Task description:
Whatever appears in the records, retype it exactly, except for the pictures.

Records shown:
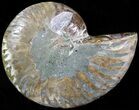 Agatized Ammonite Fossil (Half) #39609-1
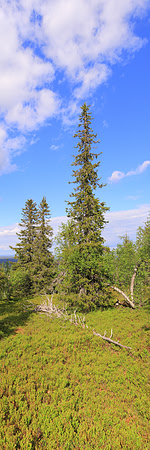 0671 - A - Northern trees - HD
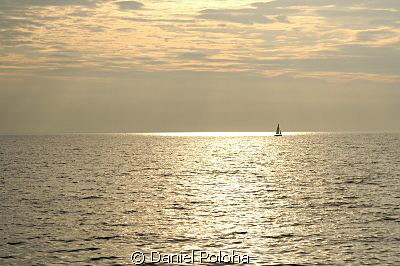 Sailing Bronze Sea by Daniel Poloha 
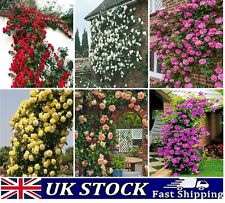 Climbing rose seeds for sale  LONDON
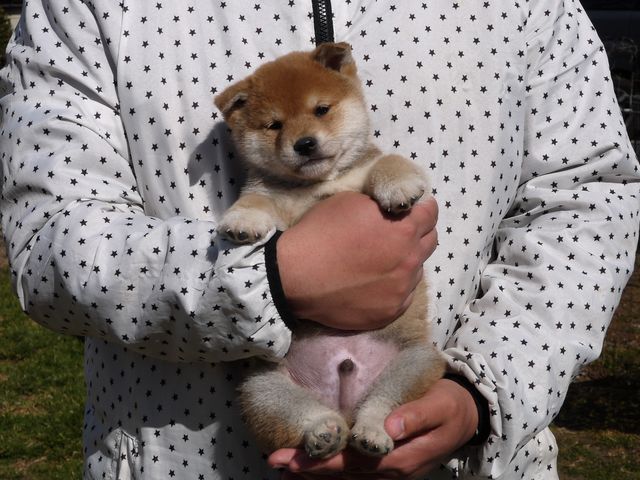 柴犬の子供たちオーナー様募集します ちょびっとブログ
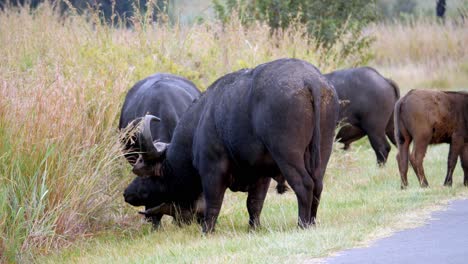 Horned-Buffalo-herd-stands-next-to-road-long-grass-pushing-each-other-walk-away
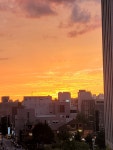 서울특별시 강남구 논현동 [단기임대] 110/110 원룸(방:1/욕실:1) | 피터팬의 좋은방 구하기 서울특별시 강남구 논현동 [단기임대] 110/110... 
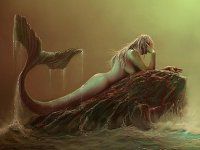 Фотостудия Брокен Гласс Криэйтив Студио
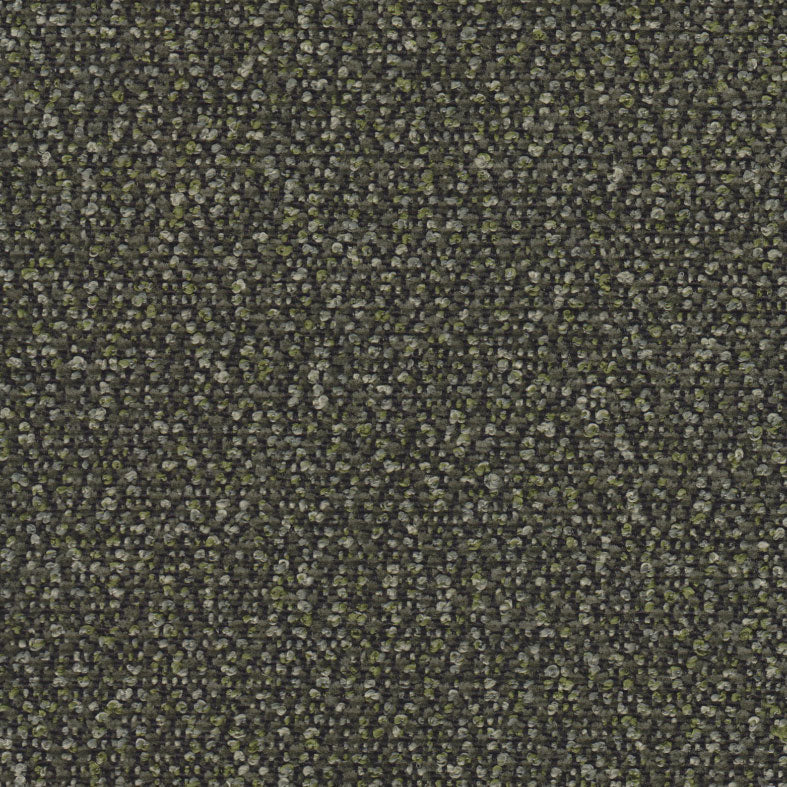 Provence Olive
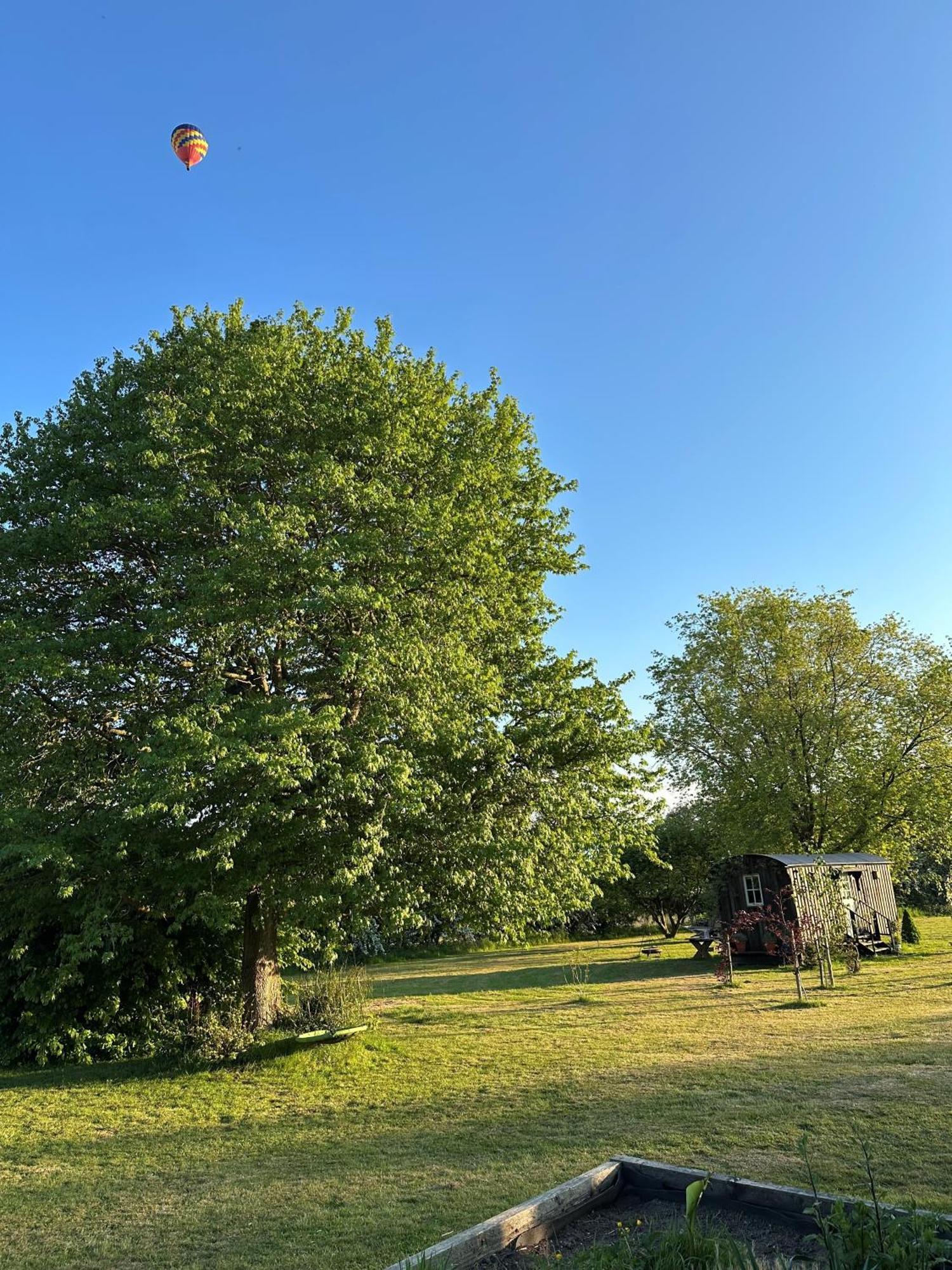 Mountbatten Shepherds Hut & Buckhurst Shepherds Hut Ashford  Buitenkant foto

Exercise response:
 Agatized Ammonite Fossil (Half) #39609-1
 0671 - A - Northern trees - HD
 Sailing Bronze Sea by Daniel Poloha 
 Climbing rose seeds for sale  LONDON
 柴犬の子供たちオーナー様募集します ちょびっとブログ
 Horned-Buffalo-herd-stands-next-to-road-long-grass-pushing-each-other-walk-away
 서울특별시 강남구 논현동 [단기임대] 110/110 원룸(방:1/욕실:1) | 피터팬의 좋은방 구하기 서울특별시 강남구 논현동 [단기임대] 110/110... 
 Фотостудия Брокен Гласс Криэйтив Студио
 Provence Olive
 Mountbatten Shepherds Hut & Buckhurst Shepherds Hut Ashford  Buitenkant foto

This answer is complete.